The early returns are in. The fan base is ready, hopeful. This hoops-addled burg is rejuvenated, alive again.

For the first time since we initially heard the name Christian Dawkins, steps are lighter and the breeze fresher in this city where sixth graders have long learned to dribble around the snow they shoveled just to play, to shoot over clotheslines in their pals’ backyards, to slam like Silent L on eight foot hoops; in this town where Loyola beat Cincy for the crown, where basketball is more than sacrament but the faith itself.

If Chris Mack never does anything else as U of L basketball coach, he has already achieved something monumental.

For this moment anyway, the pall has parted, light shines through. Hope springs.

Yet, reality is often bracing.

Ray’s gone, and we wish him all the best, but . . . but, damn, the Cards would be a lot better next season with the Trinity grad in the lineup.

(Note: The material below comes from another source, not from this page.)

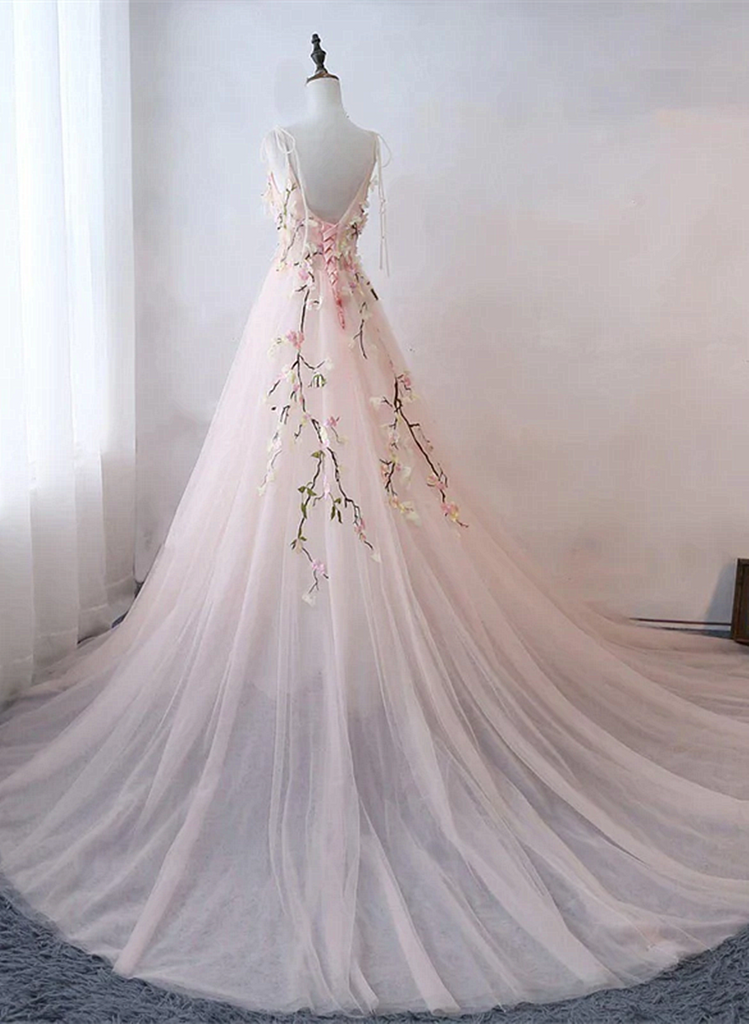 Pink Sweetheart Tulle Long Formal Dress Evening Dress, Pink Tulle Party Dress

And that graduate transfer from Dartmouth, the one’s whose mom is one of the 50 most important CEOs in the land, the one who we hoped would follow Mack down the river, instead will matriculate to Purdue.

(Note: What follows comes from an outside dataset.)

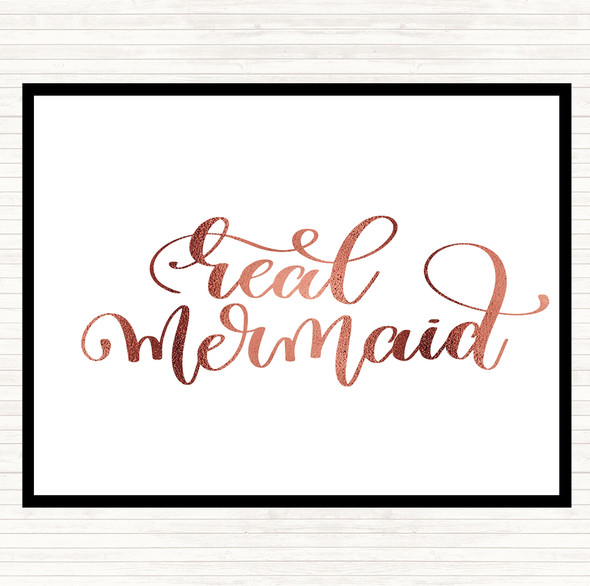 Rose Gold Real Mermaid Quote Mouse Mat Pad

A couple of legit websites have the Cards in their Way Too Early Top 25s. #12 in The Athletic. #14 at cbsports. But, sigh, they both assumed Spalding would return.

Which is a reminder that it shall be the proverbial tough row to hoe for U of L hoops for another season or two.

But if Mack’s original foray is a sign of successes to come -- and it says here it shall be done -- Louisville will be back in the upper echelon in the not too distant future.

All other plusses and minuses of Rick Pitino aside, I never understood why he felt compelled to lock the past, Cardinal tradition, in a storage closet. He did it in Boston, pushing Red Auerbach out the door. And did it again here.

I’m advised that those guys mentioned above, the Cardinal ballers who are U of L basketball -- Thank you, Chris Mack -- were never made welcome during the Pitino years. Didn’t make sense.

I’ve seen more of them around, at games, in the media room, since David Padgett took over than the whole time his predecessor was in charge.

So, if nothing else, as I wrote the other day, U of L basketball is back to where it once belonged, embracing its long, storied, successful tradition.

With Chris Mack, there is legitimate hope.

Now all we need is the Unknown Musician and to conjure John Tong one more once.